Example: you worked on the MPI version, you submitted it as follow: ./submit.sh C mpi big my_mpi_big_results.txt
. To verify your output file, just type ./verify.sh my_mpi_big_results.txt
. This is an example of what you could get:
./verify.sh my_mpi_big_results.txt
[SUCCESS] Correct number of arguments received; file to verify is "your_outputs/my_mpi_big_results.txt".
[SUCCESS] The file you passed exists.
[SUCCESS] The language used has been retrieved: C.
[SUCCESS] The version run has been retrieved: mpi_big.
[SUCCESS] The reference file "reference_outputs/C/mpi_big.txt" has been retrieved.
[SUCCESS] Both files have 45 lines.
[SUCCESS] The temperature delta triggered the threshold at iteration 3586 for both.

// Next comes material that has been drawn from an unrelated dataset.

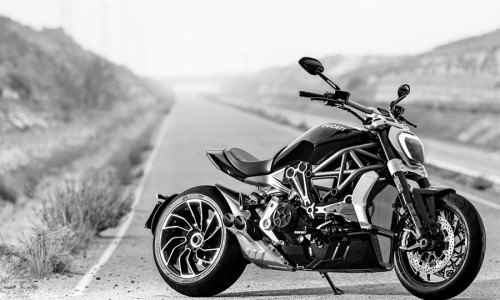 Ducati XDiavel S. La moto para competir con el viento.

[SUCCESS] The final maximum change in temperature is 0.009996974331912156 for both.
[SUCCESS] The halo swap verification cell value is 97.243705075613661393 for both.
[TIMINGS] Your version is 1.43 times faster: 89.4s (you) vs 128.5s (reference).
- Changing the compilation process (that is: using different compilers, compiler flags, external libraries etc...). The point in this challenge is not for you to read hundreds of pages of documentation to find an extra flag people may have missed.
- Changing the running process; provided scripts already use a sensible configuration. Again, you only have a few days; the objective of the hybrid challenge is for you to play with the code, not spend hours defining the best MPI / OpenMP ratio for instance.
- Changing the submission process; such as using more than 4 nodes for instance.
- Changing the algorithm; yes it is a naive one but it exposes good characteristics for you to practice what you have learned in OpenMP, MPI and OpenACC.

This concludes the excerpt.